The original game took 7 years to develop, and they explicitly said they did not want to crunch staff for DLC:
Two new bosses are shown off in the new gameplay trailer.
www.ign.com
COVID caused further delays too. As for not releasing it as a stand-alone game, I imagine they probably felt it would be too iterative to stand on its own (no major gameplay changes outside of a new character as far as I'm aware). Given the success of the Cuphead brand in general, I imagine the DLC will sell just fine.
Yeah, but it was with developing the techniques, technickal background, etc. And they have way more financial room now that the first one was a financial success.
It feels more lik they did not want to expand their studio (and thats fair, if you feel like you either could not support it in the long run or that it would make managing it less fun for your core team).
Its not about crunch. and im aware of the phrase "9 women cant deliver a baby in 1 month". but even with covid, since it is so iterative, uses the same technical base, artstyle, music style, and they have the success of the base game and the finances, i would have expected some streamlining in the development.
But here its probably where artistry and engineering diverge. Presumably if they just wanted to make solid DLC it would have been done way faster, but they probably finetuned and reworked it often.

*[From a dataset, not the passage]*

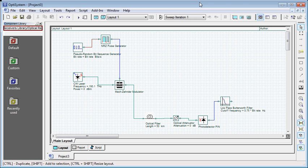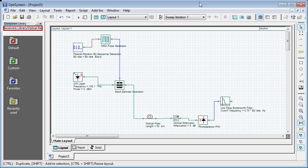When you connect a visualizer to a component output port, OptiSystem inserts a default data monitor to the component output port. You can then connect the component to the visualizer. Visualizers always connect to monitors. You can have multiple visualizers attached to the same component output port because they are actually attached to the monitor, not to the component. Data monitors are represented by a rectangle around the component output port.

Lots of DLC gets released standalone these days.
Just look at Doom Eternal.
I would recommend noone to buy the DLC without having played the original game, but you are still able to.

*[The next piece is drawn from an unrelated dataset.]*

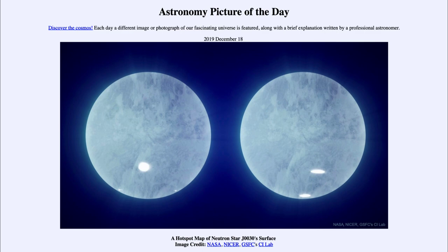Trying to study these objects is very difficult because they are so small — about the size of a city, several miles across — and you can't get any kind of images of them. It's hard enough to image a star directly, let alone something so small at such a distance. But one of the things we can learn is that they spin very rapidly; this one spins a couple hundred times every second, and that allows us to use the X-ray emissions from these hotspots to map them out and see where they are located.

The DLC picks up right where the game ended difficultywise and you would be lost regarding the lore too(not like thats that important).
If they had released this standalone people could have picked up Delicious Last Course on another platform than they played the original on.
I mean it's been quite some time and another console generation is out now.
Maybe someone would have prefered to play the game portably now after playing it on Xbox.
Maybe they sell a couple of copies more of the original like this, but I think a standalone release would have made sense.
It will sell fine, I just don't think iterativeness is an argument against standalone releases.
100% that. Torna (Xenoblade 2) is an example, Doom Eternal, Superhot, ...
What i could see it that it is so intertwoven with the original content (like the replaying of bosses with the new character) that they felt like it does not make sense without the base game?
Then again, i would see that as a bonus for those that have the base game.